[Stored records]

::::

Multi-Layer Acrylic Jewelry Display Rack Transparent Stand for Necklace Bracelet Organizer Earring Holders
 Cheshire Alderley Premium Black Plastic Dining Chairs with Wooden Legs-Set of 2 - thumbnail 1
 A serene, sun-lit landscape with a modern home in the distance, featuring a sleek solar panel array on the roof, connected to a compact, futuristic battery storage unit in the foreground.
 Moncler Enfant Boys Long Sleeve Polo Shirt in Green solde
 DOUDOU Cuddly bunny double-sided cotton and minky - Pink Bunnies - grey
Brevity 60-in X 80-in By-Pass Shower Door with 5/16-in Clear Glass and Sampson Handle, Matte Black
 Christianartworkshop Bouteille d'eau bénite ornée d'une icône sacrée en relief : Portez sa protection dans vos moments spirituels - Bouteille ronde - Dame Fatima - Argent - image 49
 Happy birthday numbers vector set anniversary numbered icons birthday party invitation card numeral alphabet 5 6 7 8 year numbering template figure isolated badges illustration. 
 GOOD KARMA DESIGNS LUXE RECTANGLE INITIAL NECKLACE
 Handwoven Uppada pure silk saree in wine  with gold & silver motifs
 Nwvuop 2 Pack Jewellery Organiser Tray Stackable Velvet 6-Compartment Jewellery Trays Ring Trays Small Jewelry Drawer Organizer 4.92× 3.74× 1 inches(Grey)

::::

- Task item
Look for "GOOD KARMA DESIGNS" in the records. Write out its line and every later line through the end exactly, with nothing more.

- Solution below
 GOOD KARMA DESIGNS LUXE RECTANGLE INITIAL NECKLACE
 Handwoven Uppada pure silk saree in wine  with gold & silver motifs
 Nwvuop 2 Pack Jewellery Organiser Tray Stackable Velvet 6-Compartment Jewellery Trays Ring Trays Small Jewelry Drawer Organizer 4.92× 3.74× 1 inches(Grey)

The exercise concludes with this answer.